> [WHAT IS BEING ASKED]:
Do any lines in the data below contain "African"? If so, copy every one of them.

> [SUPPLIED DATA]:

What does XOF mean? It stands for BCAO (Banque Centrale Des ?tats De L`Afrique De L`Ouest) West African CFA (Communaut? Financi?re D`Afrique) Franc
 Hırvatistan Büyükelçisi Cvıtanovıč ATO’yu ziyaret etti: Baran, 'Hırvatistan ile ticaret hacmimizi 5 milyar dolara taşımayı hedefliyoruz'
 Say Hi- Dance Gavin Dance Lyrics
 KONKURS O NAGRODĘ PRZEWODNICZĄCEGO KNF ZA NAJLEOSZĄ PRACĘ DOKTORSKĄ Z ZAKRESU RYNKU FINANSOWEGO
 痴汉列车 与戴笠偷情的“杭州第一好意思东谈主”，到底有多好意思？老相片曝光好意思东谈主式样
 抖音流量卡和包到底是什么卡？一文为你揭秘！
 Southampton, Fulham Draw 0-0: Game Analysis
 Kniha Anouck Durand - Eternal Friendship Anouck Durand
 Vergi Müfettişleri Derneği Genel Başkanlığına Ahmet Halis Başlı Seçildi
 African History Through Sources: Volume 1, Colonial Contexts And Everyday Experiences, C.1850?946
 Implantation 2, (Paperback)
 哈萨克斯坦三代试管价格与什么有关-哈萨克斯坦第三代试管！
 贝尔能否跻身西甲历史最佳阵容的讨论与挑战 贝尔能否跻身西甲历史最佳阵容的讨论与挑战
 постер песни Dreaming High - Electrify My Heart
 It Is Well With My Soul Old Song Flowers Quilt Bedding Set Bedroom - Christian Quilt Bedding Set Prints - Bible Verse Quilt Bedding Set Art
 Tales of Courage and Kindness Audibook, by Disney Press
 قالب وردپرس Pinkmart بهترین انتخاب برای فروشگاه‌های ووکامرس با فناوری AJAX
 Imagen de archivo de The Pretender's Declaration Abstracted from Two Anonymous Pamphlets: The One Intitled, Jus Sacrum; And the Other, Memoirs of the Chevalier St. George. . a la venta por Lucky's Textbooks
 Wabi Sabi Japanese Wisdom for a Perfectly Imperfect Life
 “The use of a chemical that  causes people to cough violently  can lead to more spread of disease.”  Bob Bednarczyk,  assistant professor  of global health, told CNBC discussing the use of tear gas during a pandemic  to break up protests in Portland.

> [ANSWER TO THIS PROBLEM]:
What does XOF mean? It stands for BCAO (Banque Centrale Des ?tats De L`Afrique De L`Ouest) West African CFA (Communaut? Financi?re D`Afrique) Franc
 African History Through Sources: Volume 1, Colonial Contexts And Everyday Experiences, C.1850?946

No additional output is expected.